WHITE HOT WORLD OF SPEED
There is no place quite like it. Once it was part of a saline inland lake, the last remnant of which, the Great Salt Lake, lies 75 miles to the east, separated from the Bonneville Salt Flats by the geologic upheaval in the Miocene Epoch that thrust up the Newfoundland Mountains. What remains is a becalmed bed of salt, 100 square miles in area. For most of the year this empty land lies bake-oven hot in eerie silence, but for one week in late September all is sound and fury as hundreds of vehicles descend on the Flats where they roar down a five-mile-long painted black line and then, within an hour, roar back in the opposite direction, in hope of setting a world record during Speed Week.
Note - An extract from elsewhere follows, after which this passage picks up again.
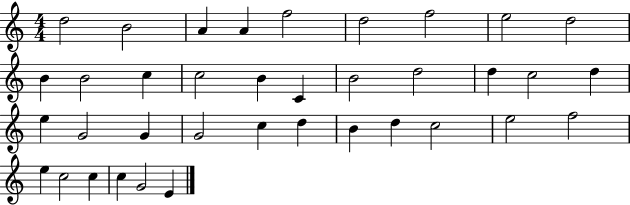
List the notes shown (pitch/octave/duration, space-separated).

In this difficult terrain course markers turn into driftwood, moths are haloed in salt and man's thoughtless insults to nature are quickly erased.
Speed Week on the Flats has a racing class for everything, from hot rods that parade city streets the rest of the year to swoopy single-purpose, big-bucks streamliners.
As strange-looking vehicles, both cars and motorcycles, speed over the glaring surface of salt, spectators observe from equally bizarre grandstands; a canine fan gets treated to a cooling ride; and drivers, cars and crews all acquire a coat of salt until the world from horizon to horizon appears to turn white on white.
Crisscrossing trails left by the annual invasion of vehicles last until the winter rains come and the salt is put back into solution. Once the water evaporates in the blazing heat, the salt flats are re-created.
Bonneville specializes in fooling the eye, not just with fantasy cars but with an ability to transform itself form a glistening lake into a world where two moons shine.